This book was OK. I get what Mira was trying to do, and she did do it. The rooms were well thought out and did leave many impressions and were a fine introduction to the memories she shared with us, but it seemed that we spent a lot of time wandering those rooms in a meaningless way, especially for the times when Mira had left home and country with only cursory, or none at all, returns to the original point/room.

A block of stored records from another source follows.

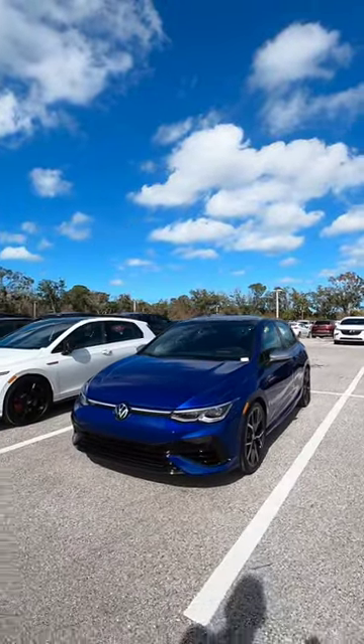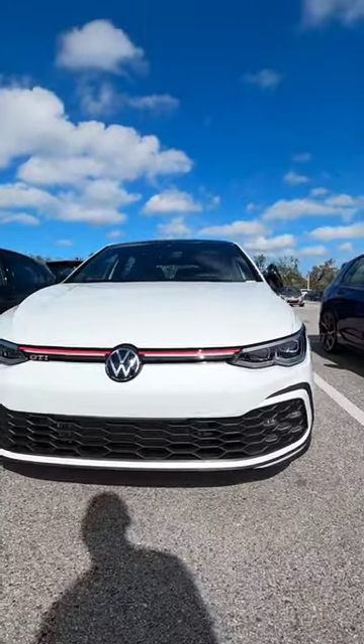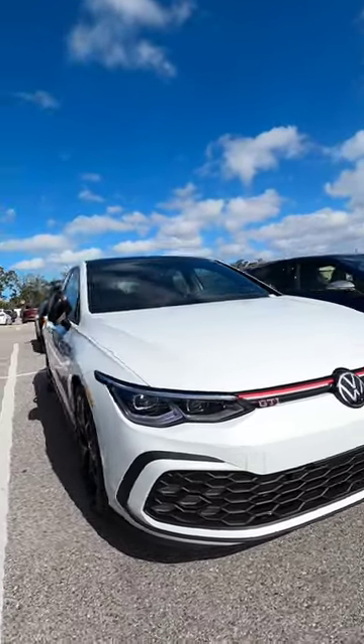Here are the Volkswagen Golfs — the R and the GTI. You can see the changes and it is a significant difference in power: 241 horsepower and 373 pound-feet of torque.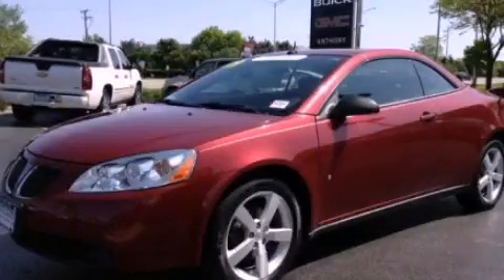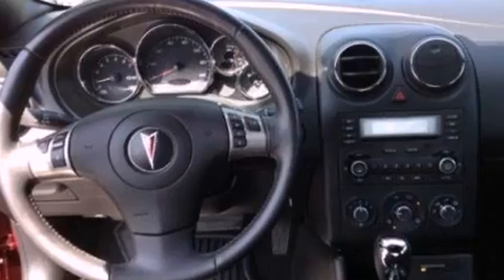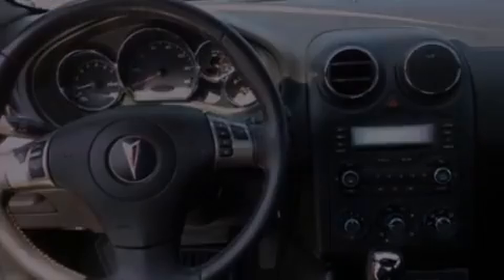This is a certified pre-owned 2009 Pontiac G6. It has a 3.5-liter six-cylinder engine and an automatic transmission.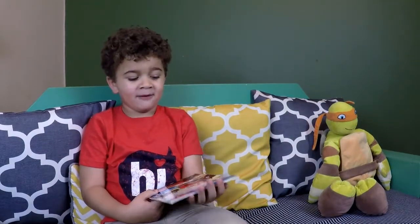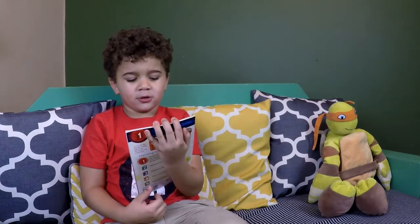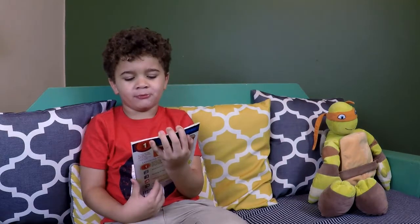Hey everybody, welcome back to Plus Aventures TV. Today we are reading the book called Old New Red Blue. Let's get started.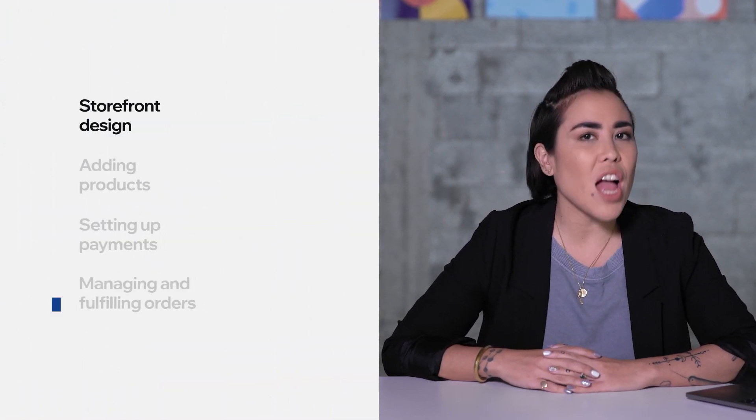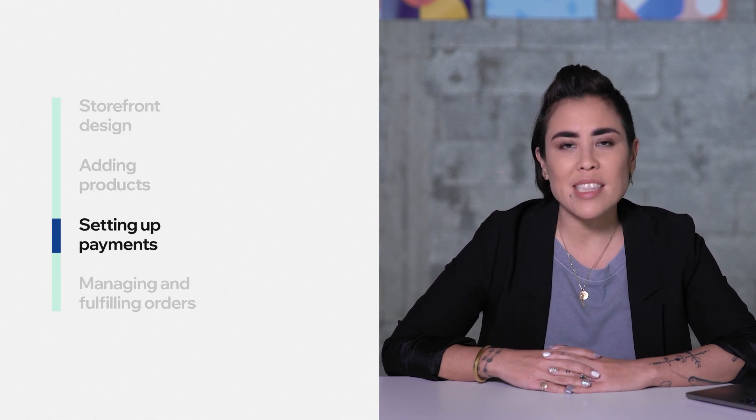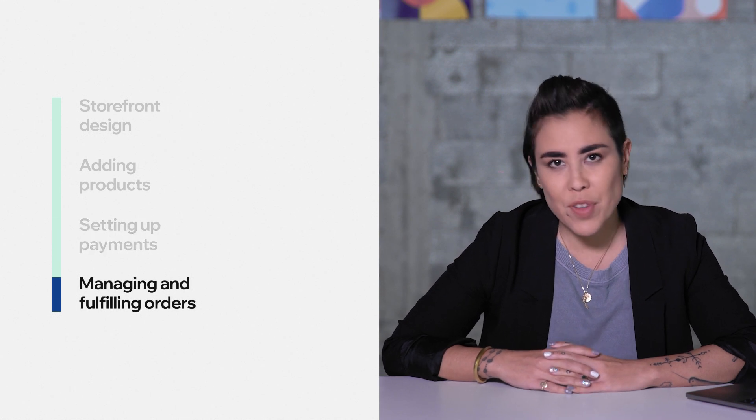This course is divided into several lessons and will cover everything from your storefront design, adding products, setting up payments, and even managing and fulfilling your orders. While lessons build on one another in this course, feel free to skip around to the parts that interest you most or that you need extra help with. There's a lot to cover, and we know that building a business can be challenging, so go at your own pace. Each lesson will go over a bit of theory, show you how to set it up in the product, and even how real Wix merchants are setting it up in their online stores.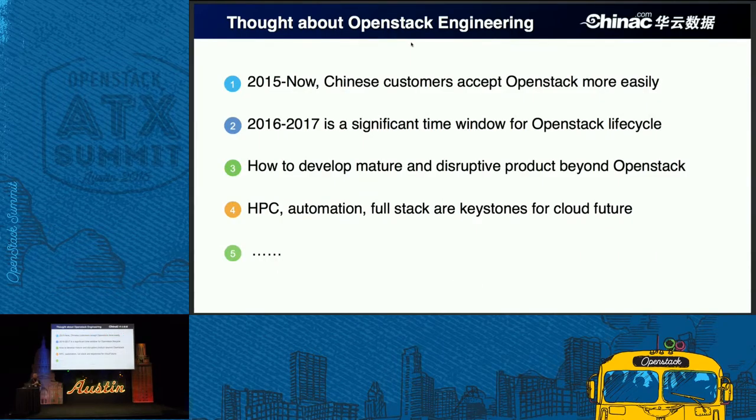I will give you some thoughts about OpenStack, especially in the China market. From 2015, from last year, Chinese customers have been accepting OpenStack more easily — I think that's good news for the entire OpenStack community. But the challenges exist in the areas of high availability, the automation of OpenStack, and the monitoring of the stack. I think there are a lot of challenges here. These two years are a significant time window for the OpenStack lifecycle. In the last five years, we achieved a lot of results from OpenStack, but how to transfer those results into real production environments is still a challenge.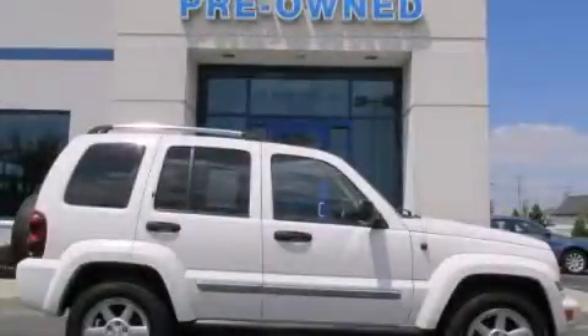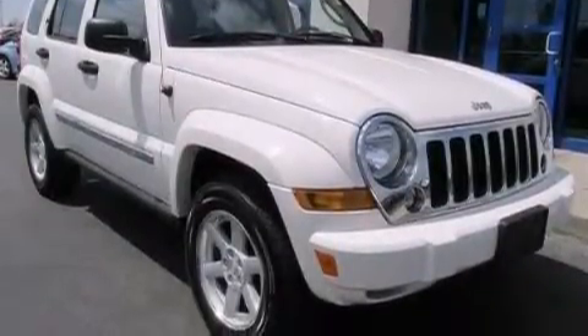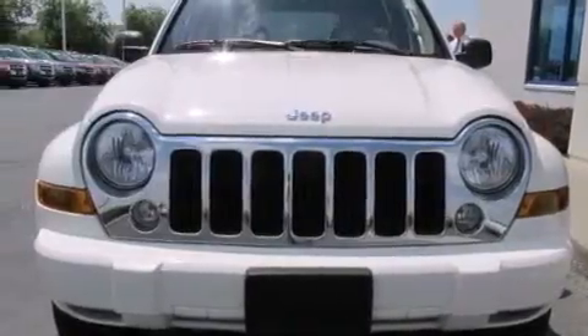This is a 2005 Jeep Liberty, a vehicle with safety, comfort, and space. This SUV has an automatic transmission, a six-cylinder engine, and the added safety and control of four-wheel drive.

What she didn't do was transport me. The nearly constant (and therefore insufferable) allusion to paintings, music, and stories may be beneficial in relating a story if it is a shared experience because it can be used as a vehicle to relate feelings, thoughts, impressions in an effective and wordless manner, BUT if the experiences are unshared, well, then, it just falls flat. Like it did here. Or worse, it begins to seem that there may be someone doing a form of name dropping to 'normalize' the rest of their lives. I may be projecting here.... however this book is an example of a failed attempt at that type of connection. It is as meaningless as her, or her mother's, listing of random things as a coping mechanism. The greater sin than that failure, however, is that she knew we were unfamiliar with a couple of the paintings and tried to describe them to the full emotional effect. IT NEVER WORKS! DON'T TRY IT! IT DRIVES ME MAD! Also, the few and far between attempts at a lyricaland beautiful prose falls flat, mostly because she uses beautiful, and faintly connected, phrases at the beginning of each room/chapter.

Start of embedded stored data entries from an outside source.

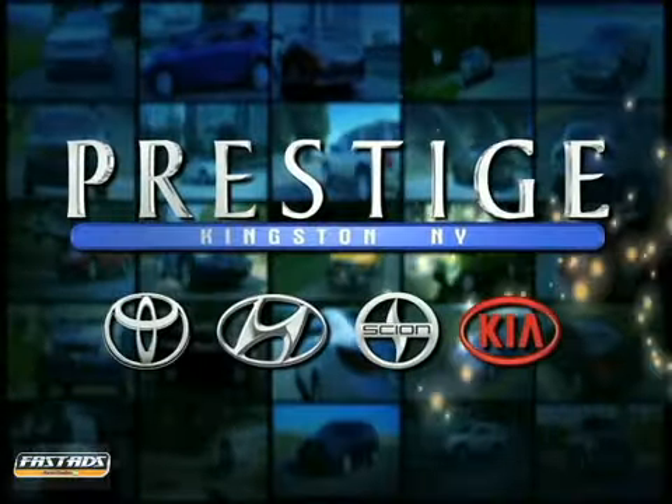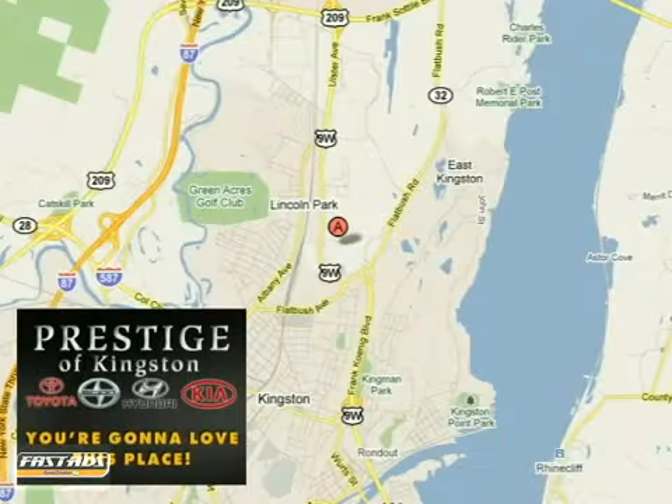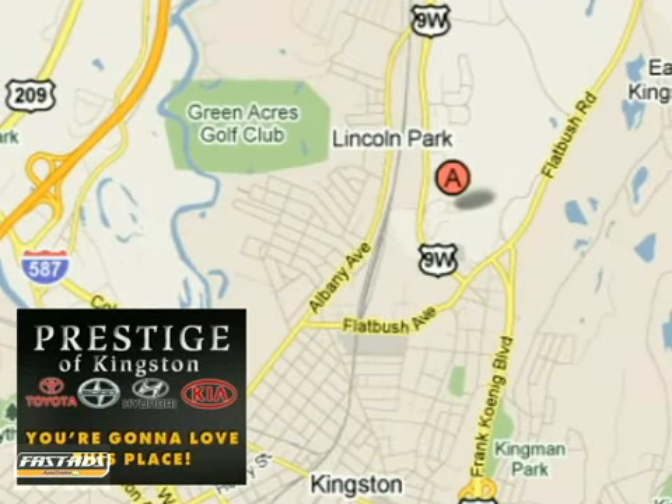At Prestige, we have the widest selection of new and pre-owned vehicles in the Kingston area. We're conveniently located at 756 East Chester Street Bypass in Kingston, New York.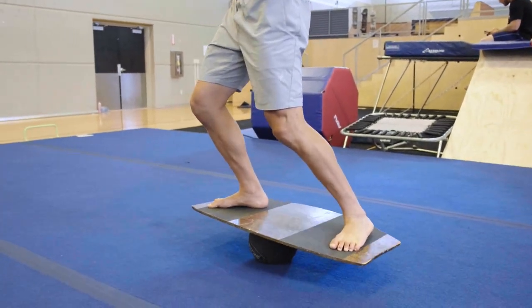I'm Steven Nyman, alpine skier, World Cup downhill winner. I love the skill board — I think it's great for cross training with skiing.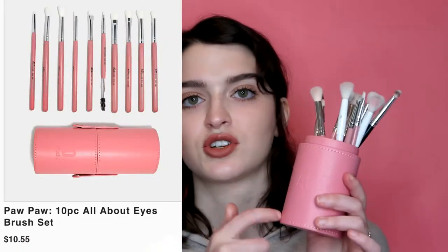Now for the AOA Studio pink brush set. The E132 is a super tiny, short, packed brush. This is what I use to pack a lot of color in my crease before blending it out - you've seen this in my James Charles videos. I also use it for a super packed lower lash line. It's very versatile - you can use it for brow bone and inner corner as well.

The underlying story is sad. She grew up with a mentally ill mom, the schizophrenia only worsened, until she went away to school. That, however wasn't enough, she (and her older sister) made the decision to change their name and limit all contact with their mother. The 17 years that they didn't see their mother and had limited mail contact with her seemed to me to be the most tragic, because it is the story of a woman keeping someone at arms length even though they'd really like to find the real her under all the illness. The mother, meanwhile, becomes a homeless, blind, and toothless charactere, but the arrival of terminal cancer seems to bring things full circle. The two grown sisters return once again to hold a vigil, or more accurately witness, their mothers death with an attempt to connect with her now that she's physically incapacitated and her illness is less obtrusive to their relating. The mom dies. The girls wander down memory lane a bit. The End.
Is it tragic? Yeah, sure. It isn't enough though. Tragic does not make a story. Insight and lyricism do. Along with a more tightly woven story. Naming it 'Memory Palace' is no excuse to warder aimlessly for the whole second half of the book.
I will say that when she did mention my home town of Northampton MA as a place where she saw her (apparently) mentally ill husband, she was putting into code that she had landed in the nest of mental health services. Northampton had a state hospital and since it's closing, has been liberal enough to really work at providing community services to those mentally ill left (or 'released') in the town. It didn't just bury it's head. Another shared experience that Mira thought would help convey a deeper meaning without her needing to really work at it, but unless you know the town, it won't. Northampton may be a world of it's own, but those who've never lived there will have no idea why you mentioned it. I do love that town though!